Era un día lluvioso del otoño de 1977. Me dieron el tiempo justo para ponerme un anorak. Quien me llevaba detenido era una patrulla de la Policía Militar. Y fue un juez militar el que me tomó declaración. Yo trabajaba entonces de freelance y había publicado una crónica en el diario La Región informando de una masiva intoxicación alimentaria de soldados en el antiguo cuartel coruñés de Zalaeta. En el interrogatorio no se cuestionaban los hechos. El verdadero interés del instructor era la identidad de los informantes. Otros periodistas escribieron sobre el suceso, pero la noticia nunca salió impresa. Me negué a revelar las fuentes. Las cosas se complicaron cuando, tras dictamen del auditor de guerra, se acordó “elevar a causa el procedimiento previo nº 295/77”. Se me acusaba de un delito de sedición y se decretaba mi procesamiento para ser juzgado por un tribunal militar. Acababa de cumplir 20 años.

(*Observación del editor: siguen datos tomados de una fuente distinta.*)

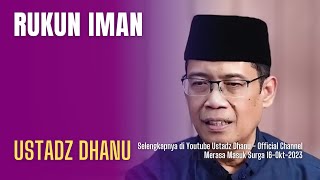 Rukun Iman  Ustadz Dhanu [upl. by Menendez]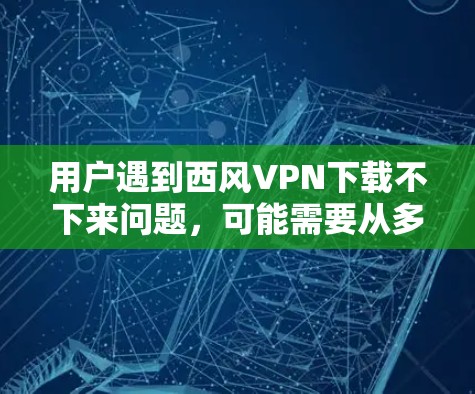 用户遇到西风VPN下载不下来问题,可能需要从多个角度进行排查和解决 用户遇到西风VPN下载不下来问题,可能需要从多个角度进行排查和解决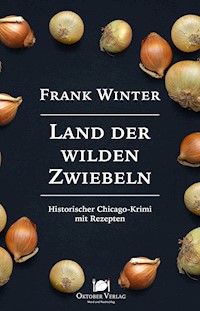 Land der wilden Zwiebeln - Frank Winter - ebook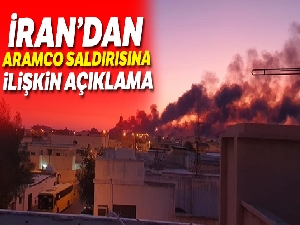İran'dan Aramco saldırısına ilişkin açıklama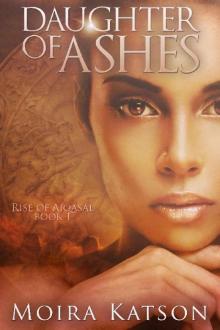 Daughter of Ashes (Rise of Aiqasal Book 1)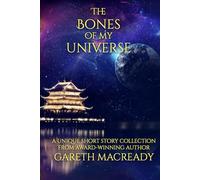 The Bones Of My Universe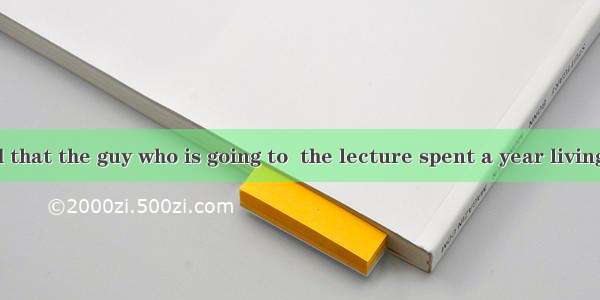 It is reported that the guy who is going to  the lecture spent a year living in the rain f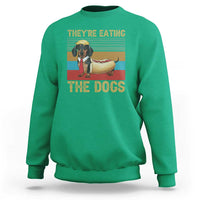 Funny Hot Dog Lover Sweatshirt They're Eating The Dogs Dachshund - Wonder Print Shop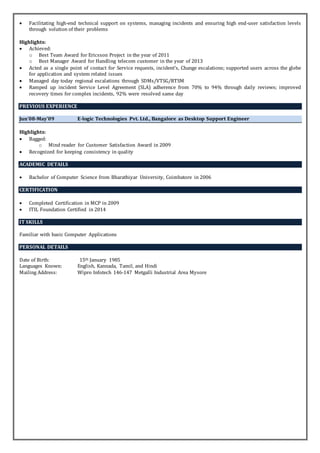  Facilitating high-end technical support on systems, managing incidents and ensuring high end-user satisfaction levels
through solution of their problems
Highlights:
 Achieved:
o Best Team Award for Ericsson Project in the year of 2011
o Best Manager Award for Handling telecom customer in the year of 2013
 Acted as a single point of contact for Service requests, incident's, Change escalations; supported users across the globe
for application and system related issues
 Managed day today regional escalations through SDMs/VTSG/RTSM
 Ramped up incident Service Level Agreement (SLA) adherence from 70% to 94% through daily reviews; improved
recovery times for complex incidents, 92% were resolved same day
PREVIOUS EXPERIENCE
Jun’08-May’09 E-logic Technologies Pvt. Ltd., Bangalore as Desktop Support Engineer
Highlights:
 Bagged:
o Mind reader for Customer Satisfaction Award in 2009
 Recognized for keeping consistency in quality
ACADEMIC DETAILS
 Bachelor of Computer Science from Bharathiyar University, Coimbatore in 2006
CERTIFICATION
 Completed Certification in MCP in 2009
 ITIL Foundation Certified in 2014
IT SKILLS
Familiar with basic Computer Applications
PERSONAL DETAILS
Date of Birth: 15th January 1985
Languages Known: English, Kannada, Tamil, and Hindi
Mailing Address: Wipro Infotech 146-147 Metgalli Industrial Area Mysore
 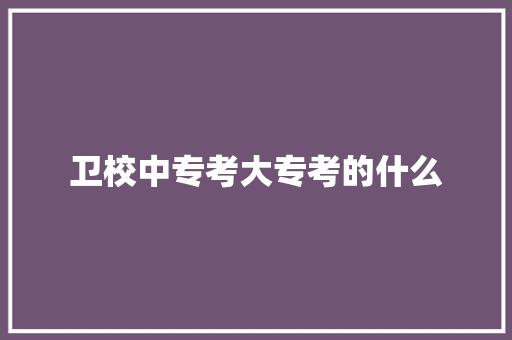 卫校中专考大专考的什么 未命名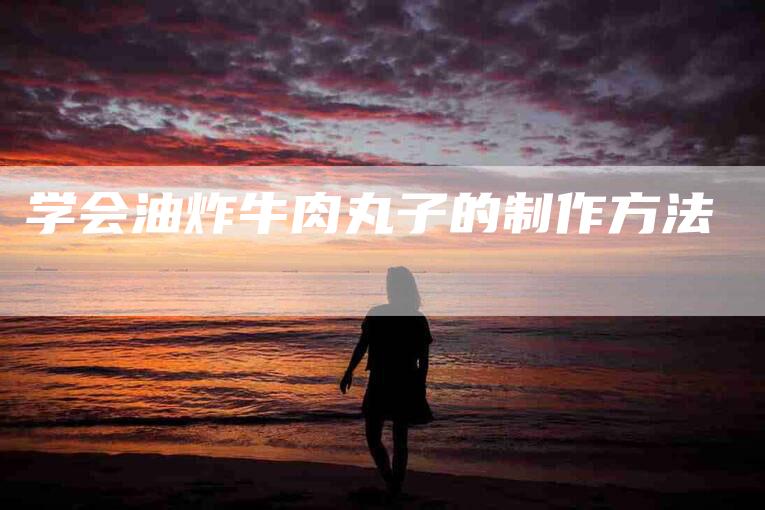 学会油炸牛肉丸子的制作方法-家政服务网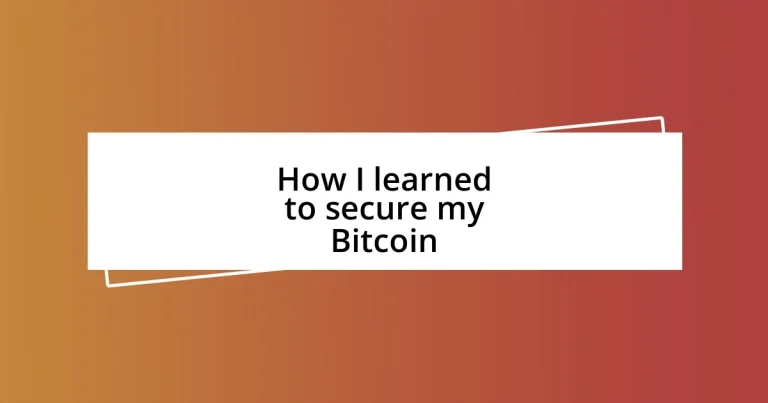 How I learned to secure my Bitcoin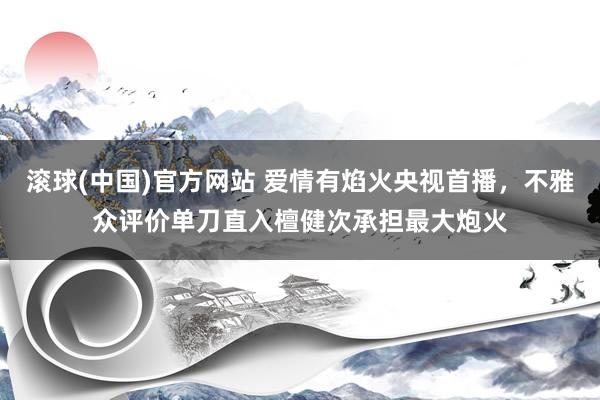 滚球(中国)官方网站 爱情有焰火央视首播，不雅众评价单刀直入檀健次承担最大炮火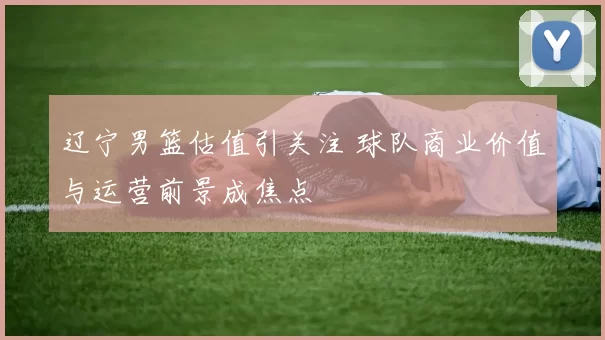 辽宁男篮估值引关注 球队商业价值与运营前景成焦点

Hubo un relevo en la Capitanía General de la entonces VIII Región Militar. Por lo que se comentaba, un militar duro había sustituido a otro más duro. ¿O viceversa? Un día mi abogado recibió una comunicación verbal sorprendente. Tenía que presentarme ante el nuevo capitán general en su despacho. Fue una conversación muy breve. Me preguntó si había pretendido ofender a España y a su Ejército.

—No, señor —respondí—. Yo solo quería informar de una intoxicación alimentaria.

Me miró un rato en silencio. Creo que estaba desconcertado con semejante “enemigo”. Me dijo: “Bien. ¡Puede irse!”. Y me fui. Nunca más volví a saber de aquel asunto. ¿Qué me hubiera pasado de no haber ese relevo, de persistir el criterio del auditor de guerra y del instructor? Esa fue una de las cosas que pensé en aquel momento al salir del pazo de Capitanía General, en la Ciudad Vieja coruñesa. Pensé que el factor humano era más imprevisible de lo que parece. El profesor Caeiro, que era abogado y filósofo, nos había hablado un día en el instituto de la etimología y el significado de escrúpulo. Esos detalles fascinantes que nunca se te olvidan. En su origen, para los romanos, un escrúpulo era la más pequeña y ocasional unidad de peso, un guijarro diminuto, una piedrecita, una arena, una china, que podía equilibrar lo desequilibrado. Así nos lo explicaba. En alguna parte de mi proceso había aparecido un escrúpulo. Donde una persona, o una cadena de mando, encontraba motivo para encarcelar durante años a un joven, y aterrorizar a su familia, otra persona llegó a una conclusión bien diferente: no había razón para enjaular a nadie. No había delito. No había caso.

Mi proceso de sedición quedó en una irrelevante anécdota personal. Lo que recuerdo de aquel episodio fue el desgarro, los añicos, las vísceras de la historia en la mirada de mi madre. Y esa idea obsesiva del escrúpulo.

He vuelto muchas veces a esa imagen de la unidad de medida que contrapesa la injusticia. El escrúpulo, en uno de los momentos extraordinarios de la boca de la literatura universal, el capítulo de Los miserables, de Victor Hugo, cuando el antiguo oficial de prisiones y policía Javert, encarnación absoluta del orden, entra en crisis. El implacable perseguidor de Jean Valjean, a quien consideraba paradigma del “fuera de la ley”, cambia su mirada: “La posibilidad de una lágrima en los ojos de la ley”. Esta es la transformación de Javert: “Le acometían escrúpulos de una clase desconocida”. Al dejar en libertad a Valjean, se pregunta: “¿Qué hice? ¿Mi deber? No. Algo más”.

Hay muchas cosas preocupantes en el horizonte español, pero, al menos, a ver si tenemos este año una suficiente cosecha de escrúpulos para respetar las libertades.